Literary Funny Poems

You may be concerned that the literary funny poems will be exceptionally high-brow, but in reality they're a wonderfully mixed bag. The literary parodies may assume some prior knowledge of classic and contemporary poetry, but can still be enjoyed as humorous poems in a state of blissful literary ignorance. Equally, some literary types might argue that there is a superabundance of distinctly low-brow, and frequently rude, nursery rhyme parodies.

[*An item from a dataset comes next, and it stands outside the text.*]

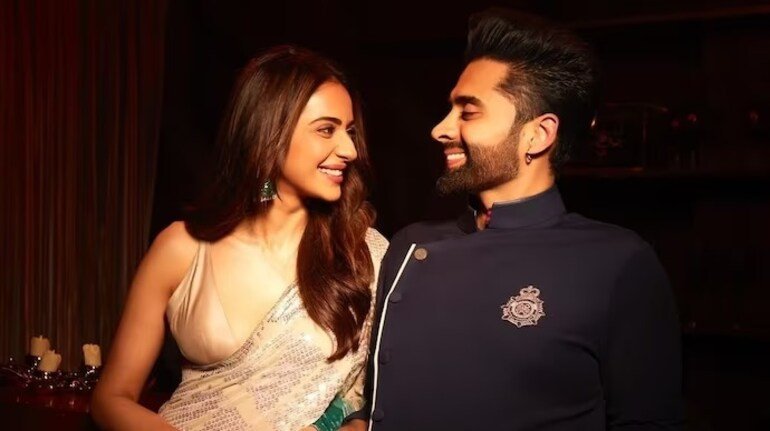 Rakul Preet और Jackky Bhagnani—फिल्म की असफलता में भी साथ निभाती एक मजबूत जोड़ी।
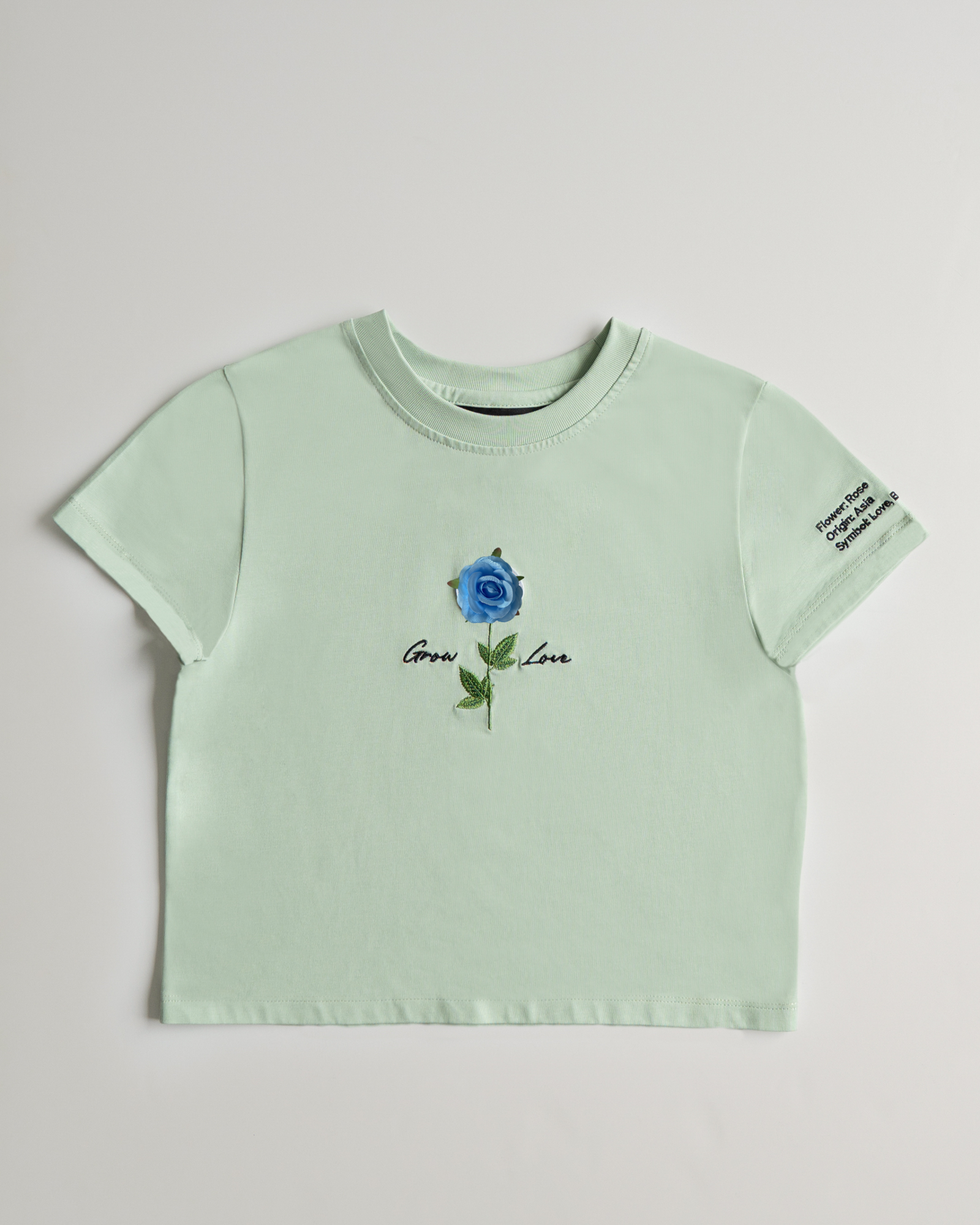 Sage Green Short Tee – In Between Bloom (+1 Flower) — view 10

As a counterbalance, we've included Max's often painfully funny poems about the process of writing and the lowly status of the author, together with his nostalgic poems, which include a magnificent pastiche in the style of Dylan Thomas.

Literary Parodies

A series of parodies of famous (and some slightly less famous) poems by Max Scratchmann. Funny, clever and incisive, a really good parody produces a real frisson of excitement and bestows a feeling of literary superiority on the cognoscenti.

Nursery Rhyme Parodies

Most humorous poets turn their hand at some stage to nursery rhyme parodies, which means there are as many feeble examples in this well tilled field as there are lame and lamentable limericks. Max's nursery rhyme parodies are altogether different - offbeat, inscrutable and occasionally dirty - and much more satisfying. There are also currently only four examples, which is about as many as most right-minded readers can stomach.

Rude Nursery Rhymes

Paul Curtis' rude nursery rhyme are traditional English nursery rhymes reworked for a contemporary audience. The collection includes funny and slightly risqué nursery rhyme parodies, together with one or two poems that are either very rude or distinctly dirty, depending upon your sensitivities in such matters.

Poems About Writing

The writer's lot is not always a happy one, as we discover in Max's series of poems about authors, poets, publishers and all things literary.

Nostalgic Poems

A selection of gently humorous poems which reflect on the events, institutions and attitudes of the latter half of the 20th century. From family holidays at the English seaside to black and white television, the past is portrayed both honestly and affectionately.